More on the book: http://www.thesoundofthenorth.net/
Listening - Urs Leimgruber / Jacques Demierre / Barre Phillips (Lenka Lente, 2016) ****
In 2015 the free-improvising trio of Swiss sax player Urs Leimgruber, French pianist Jacques Demierre and American, based in France double bass master Barre Phillips planned to celebrate its 15th anniversary, as well as the 80th birthday of Phillips, with tours on both sides of the Atlantic. This trio released so far five albums, the first Wing Vane (Victo, 2001) and the last one, 1↦3⊨2:⇔1 (Jazzwerkstatt, 2015), establishing a unique, experimental language, as Demierre describes it: “The silence between each performance is simply a period slightly longer than the silences played on stage.
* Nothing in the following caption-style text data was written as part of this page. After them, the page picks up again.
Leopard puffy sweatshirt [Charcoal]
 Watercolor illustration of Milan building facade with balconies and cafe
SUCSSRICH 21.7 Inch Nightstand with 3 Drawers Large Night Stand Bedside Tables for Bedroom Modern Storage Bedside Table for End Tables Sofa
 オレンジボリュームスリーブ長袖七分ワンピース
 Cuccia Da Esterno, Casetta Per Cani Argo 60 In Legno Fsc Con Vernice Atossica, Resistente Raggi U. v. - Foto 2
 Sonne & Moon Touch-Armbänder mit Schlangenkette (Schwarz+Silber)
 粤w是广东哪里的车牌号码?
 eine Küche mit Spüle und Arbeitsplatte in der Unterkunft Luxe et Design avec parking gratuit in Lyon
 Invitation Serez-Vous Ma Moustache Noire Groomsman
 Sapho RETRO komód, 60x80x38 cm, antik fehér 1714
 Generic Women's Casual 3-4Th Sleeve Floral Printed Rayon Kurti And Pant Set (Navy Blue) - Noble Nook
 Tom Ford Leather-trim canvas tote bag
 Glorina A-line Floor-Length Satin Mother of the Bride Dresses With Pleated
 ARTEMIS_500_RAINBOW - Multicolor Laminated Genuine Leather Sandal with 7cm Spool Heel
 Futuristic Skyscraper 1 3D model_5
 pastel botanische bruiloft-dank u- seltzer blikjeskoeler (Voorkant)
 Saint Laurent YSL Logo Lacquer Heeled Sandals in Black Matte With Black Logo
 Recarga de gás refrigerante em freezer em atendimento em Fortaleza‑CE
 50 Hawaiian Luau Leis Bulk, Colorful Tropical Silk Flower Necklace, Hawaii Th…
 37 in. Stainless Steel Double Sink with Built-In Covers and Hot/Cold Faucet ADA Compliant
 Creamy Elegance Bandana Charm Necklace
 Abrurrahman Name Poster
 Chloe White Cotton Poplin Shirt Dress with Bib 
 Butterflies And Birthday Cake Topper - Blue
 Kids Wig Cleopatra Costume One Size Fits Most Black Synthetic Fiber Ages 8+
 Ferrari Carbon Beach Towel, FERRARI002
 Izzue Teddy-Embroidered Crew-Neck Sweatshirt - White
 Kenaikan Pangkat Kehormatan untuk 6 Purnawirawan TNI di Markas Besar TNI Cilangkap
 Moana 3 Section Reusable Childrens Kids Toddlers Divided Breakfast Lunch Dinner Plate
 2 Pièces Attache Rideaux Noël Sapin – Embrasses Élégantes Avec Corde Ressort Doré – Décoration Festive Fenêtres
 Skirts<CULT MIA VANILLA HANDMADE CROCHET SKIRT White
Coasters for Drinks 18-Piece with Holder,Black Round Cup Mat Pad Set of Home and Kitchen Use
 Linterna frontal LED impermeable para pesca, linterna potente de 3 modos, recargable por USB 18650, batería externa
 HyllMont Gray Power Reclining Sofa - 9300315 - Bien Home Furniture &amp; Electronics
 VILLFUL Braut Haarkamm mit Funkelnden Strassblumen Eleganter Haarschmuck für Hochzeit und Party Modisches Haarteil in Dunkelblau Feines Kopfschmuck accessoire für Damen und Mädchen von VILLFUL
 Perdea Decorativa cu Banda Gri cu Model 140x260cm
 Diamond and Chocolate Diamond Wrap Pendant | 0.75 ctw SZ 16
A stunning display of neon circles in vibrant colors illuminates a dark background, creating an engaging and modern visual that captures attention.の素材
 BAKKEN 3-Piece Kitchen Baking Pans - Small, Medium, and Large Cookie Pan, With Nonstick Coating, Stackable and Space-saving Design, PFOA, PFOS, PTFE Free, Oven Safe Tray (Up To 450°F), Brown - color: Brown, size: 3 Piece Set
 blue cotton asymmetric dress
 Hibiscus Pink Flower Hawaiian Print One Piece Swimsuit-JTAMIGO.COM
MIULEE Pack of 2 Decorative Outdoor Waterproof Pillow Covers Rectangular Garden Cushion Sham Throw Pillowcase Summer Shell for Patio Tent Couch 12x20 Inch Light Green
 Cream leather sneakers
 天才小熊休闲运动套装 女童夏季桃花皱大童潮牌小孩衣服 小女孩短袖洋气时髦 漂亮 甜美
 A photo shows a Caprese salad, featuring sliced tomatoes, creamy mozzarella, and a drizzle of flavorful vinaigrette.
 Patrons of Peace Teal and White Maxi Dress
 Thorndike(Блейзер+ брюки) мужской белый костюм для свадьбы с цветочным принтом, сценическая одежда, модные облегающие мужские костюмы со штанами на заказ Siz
The listening process of the trio does not stop when the performance is finished, but continues, it constantly weaves dynamic links with our memory until the next meeting of us”.
Listening is a tri-lingual travelogue, beginning in March 2015 and ends on December of the same year, bringing the parallel narratives of the three musicians - Leimgruber in German, Demierre in French, adding many insightful photos, and Phillips in English. The book documents their personal experiences, focusing on “creating new spaces with sound”, as Phillips defined it, the hardships of any tour of such an outfit, travelling “thirty hours door to door. For just a hour concert?”, playing on a piano that is more a “sound sculpture” than a piano, but eventually meeting many curious audiences that are eager to understand “how it works”.
Unfortunately the touring plans were marred by Philips health problems, his continuous struggle with what he names the “Black bat”. Leimgruber and Demierre continued the American leg of the tour as a duo, but began the American performances with video montage of interview with Phillips and live footage of the trio. Phillips joins Leimgruber and Demierre again to few European performance, enjoying the “new-ness” of being back together: “the music took off, outward bound, to other universes and dimensions”, before being hospitalized again. Still, Phillips concludes this book with a great belief in the the trio legacy: “giving it a deeper meaning than ever before and creating a future that will carry on until the last drop, the last sigh, the last stroke”.
50 Couplers - Moondog (Lenka Lente, 2016) *****
This pocket-size, bilingual (English and French), 40-pages book is published on the 100th birthday year of Moondog (aka Louis Thomas Hardin), the unique blind composer, poet, homeless musician dressed as a Viking and inventor of instruments, hailed by innovative musicians as Charlie Parker and Philip Glass. This book collects the poetic couplets of Moondog, suggesting his words of wisdom, delivered in two line rhymes, often spiced with an absurdist sense of humor.
Here are two couplets:
An armored knight fell of a ship and sank into the blue. / He looked a lobster in the eye and said “you’re armored,to?”
Offensive and defensive weapons thought they ought to race; / but, as they ran, defensive weapons couldn’t keep the pace.